Event Detail

Fri Apr 8, 2011
234 Moses Hall (Dennes Room)
2–4 PM
Working Group in the Philosophy of Mind
Matt Parrott (UC Berkeley)
Schizophrenia and Self-Knowledge

One way in which first-personal knowledge seems special is that although I can be mistaken about the existence or character of one of my psychological states, I cannot be right about what my psychological state is but wrong about whose psychological state it is. This idea that an individual cannot misidentify the owner of psychological states she access in a first-personal way I shall call the Immunity Thesis.

However, thought insertion is a symptom of schizophrenia where an individual experiences her own thoughts as alien, as thoughts that are not hers. A schizophrenic person seems to know these thoughts in a distinctively first-personal way but is mistaken about whose thoughts they are. This looks like a counterexample to the Immunity Thesis.
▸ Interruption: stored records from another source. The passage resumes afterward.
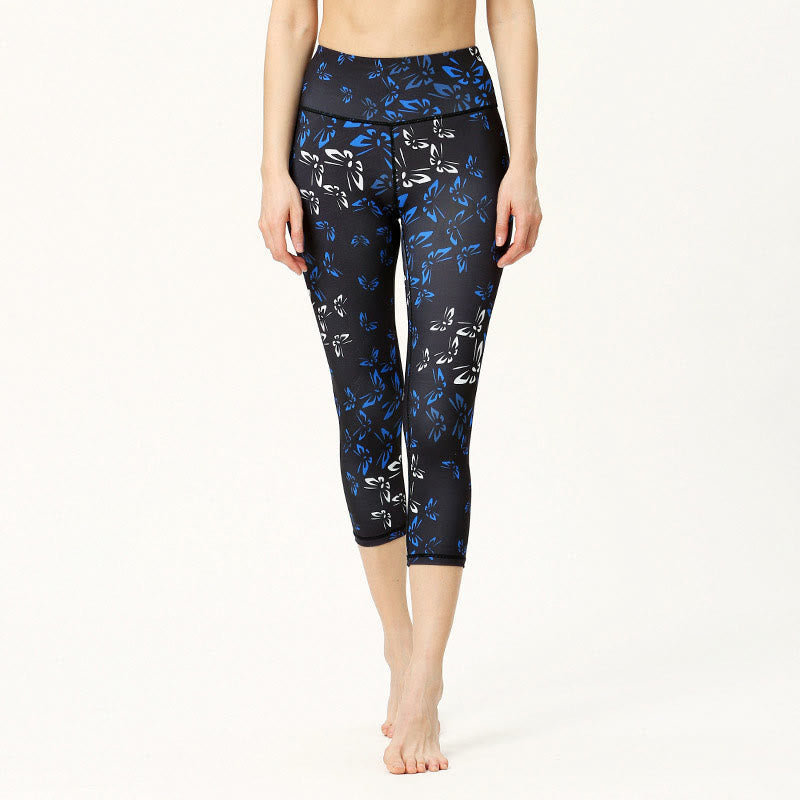 Mythstone Leaves Butterfly Print Sports Yoga Cropped Leggings Women's Yoga Capri Pants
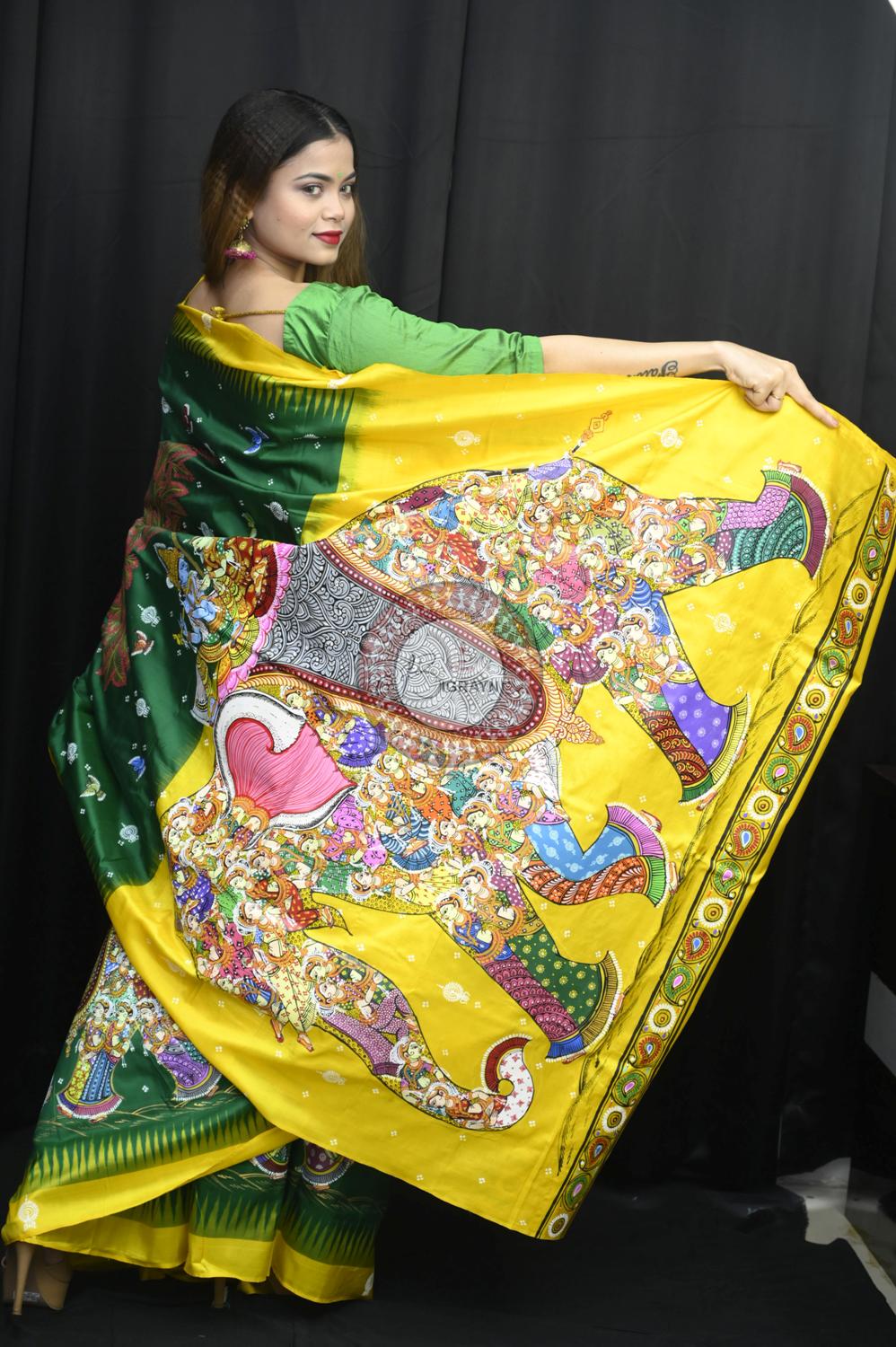 Green Yellow 7 Kandarpa Hasti Pattachitra Silk Saree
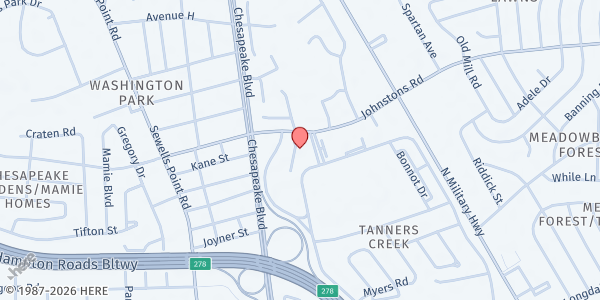 Map showing Bank Street Baptist Church at 7010 Auburn Ave., Norfolk, VA
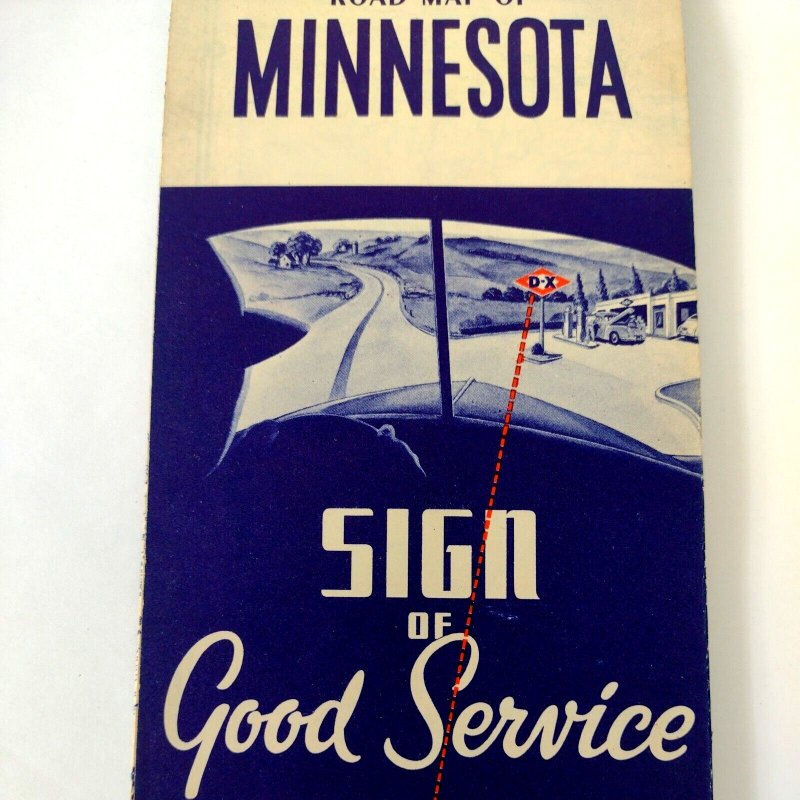 Circa 1940 Minnesota Road Map D-X Mid-Continent Petroleum Corporation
Recently, some philosophers and cognitive scientists have argued that the phenomenon of thought insertion is not an exception to the Immunity Thesis because in these cases a person does not access her thoughts in a first-personal way. Rather, she has a completely different kind of experience, one that lacks the privilege of immunity to error through misidentification. In this talk, I will discuss these views and argue that they have difficulties capturing what it is like to experience thought insertion. This motivates formulating an alternative account.

My suggestion will be that a person experiencing thought insertion does access her thoughts in the same first-personal way that we ordinarily do but that, contrary to how things may appear, this is consistent with the Immunity Thesis. The phenomenon of thought insertion would only be a counterexample to the Immunity Thesis if it served as a schizophrenic person’s basis for her judgments about her inserted thoughts. I shall argue that it does not and highlight other reasons to favor my account of what it is like to experience thought insertion.